» EXERCISE GOAL
Look in the data below for the line that has "Bacio Di Latte - Shopping Jk Iguatemi", then print exactly every line from there through the line that has "Can create a TRAVEL SYSTEM", leaving pictures out.

» EXTRACTED DATA

····················

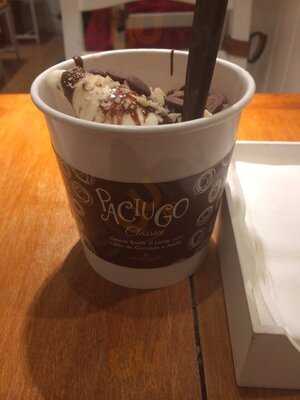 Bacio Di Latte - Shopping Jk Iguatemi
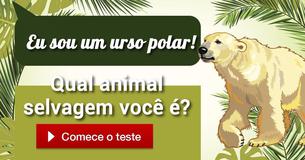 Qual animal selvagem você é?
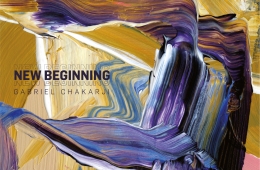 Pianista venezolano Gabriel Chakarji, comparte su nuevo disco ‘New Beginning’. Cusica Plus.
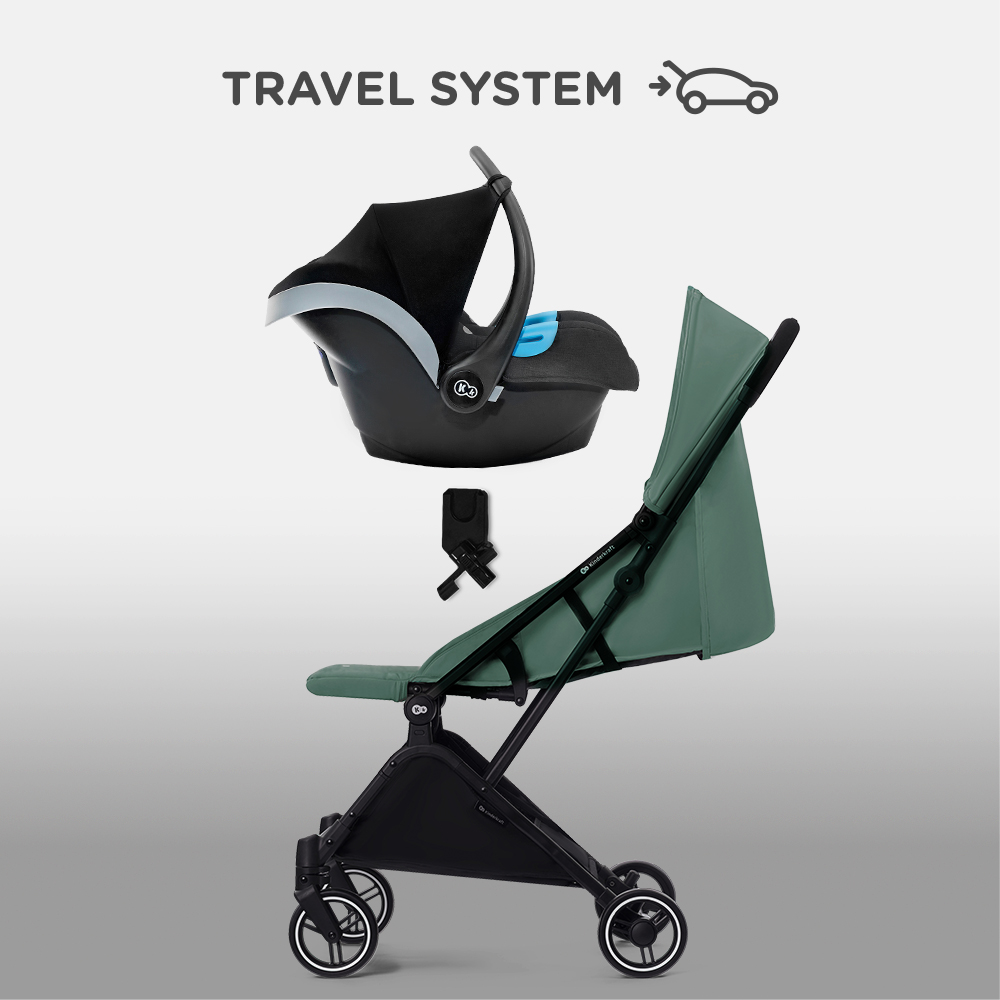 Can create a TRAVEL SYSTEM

····················

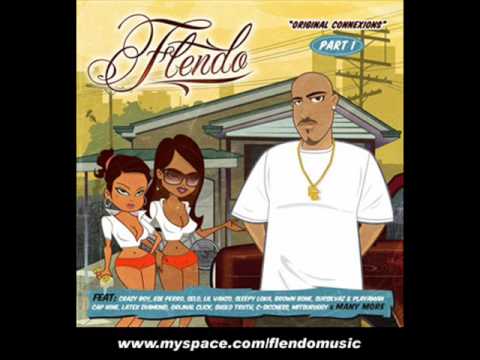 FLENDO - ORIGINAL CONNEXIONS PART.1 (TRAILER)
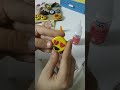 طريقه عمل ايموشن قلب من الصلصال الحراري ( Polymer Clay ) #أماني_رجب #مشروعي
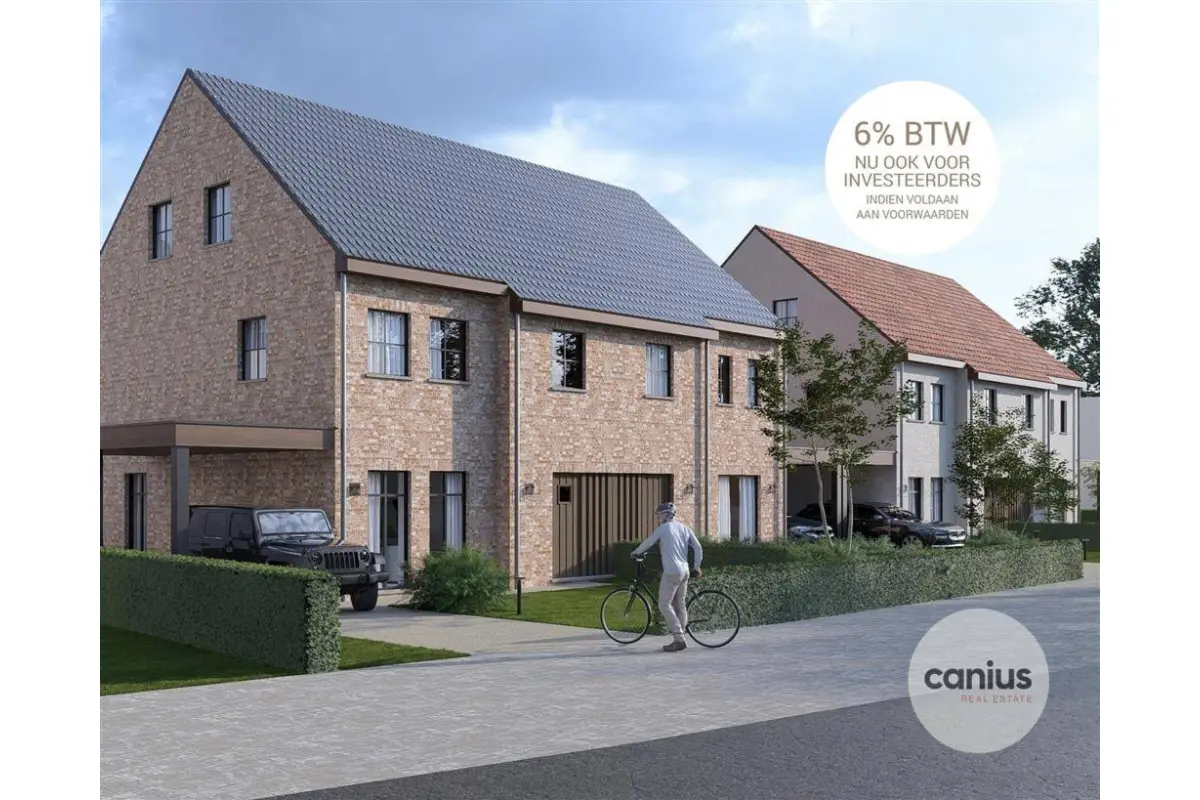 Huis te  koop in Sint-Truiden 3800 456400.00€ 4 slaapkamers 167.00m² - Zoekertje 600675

····················

» EXERCISE RESULT
 Bacio Di Latte - Shopping Jk Iguatemi
 Qual animal selvagem você é?
 Pianista venezolano Gabriel Chakarji, comparte su nuevo disco ‘New Beginning’. Cusica Plus.
 Can create a TRAVEL SYSTEM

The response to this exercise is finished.